## [Exercise goal]
From the line containing "Western blot analysis" onward, retype each line of the entries below exactly, last line included.

[Extracted records]

>>>>

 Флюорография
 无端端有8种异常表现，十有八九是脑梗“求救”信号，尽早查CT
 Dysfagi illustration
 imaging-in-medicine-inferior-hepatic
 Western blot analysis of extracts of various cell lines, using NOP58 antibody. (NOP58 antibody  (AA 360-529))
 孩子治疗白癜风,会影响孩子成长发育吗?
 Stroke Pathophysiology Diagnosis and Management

<<<<

## [Answer below]
 Western blot analysis of extracts of various cell lines, using NOP58 antibody. (NOP58 antibody  (AA 360-529))
 孩子治疗白癜风,会影响孩子成长发育吗?
 Stroke Pathophysiology Diagnosis and Management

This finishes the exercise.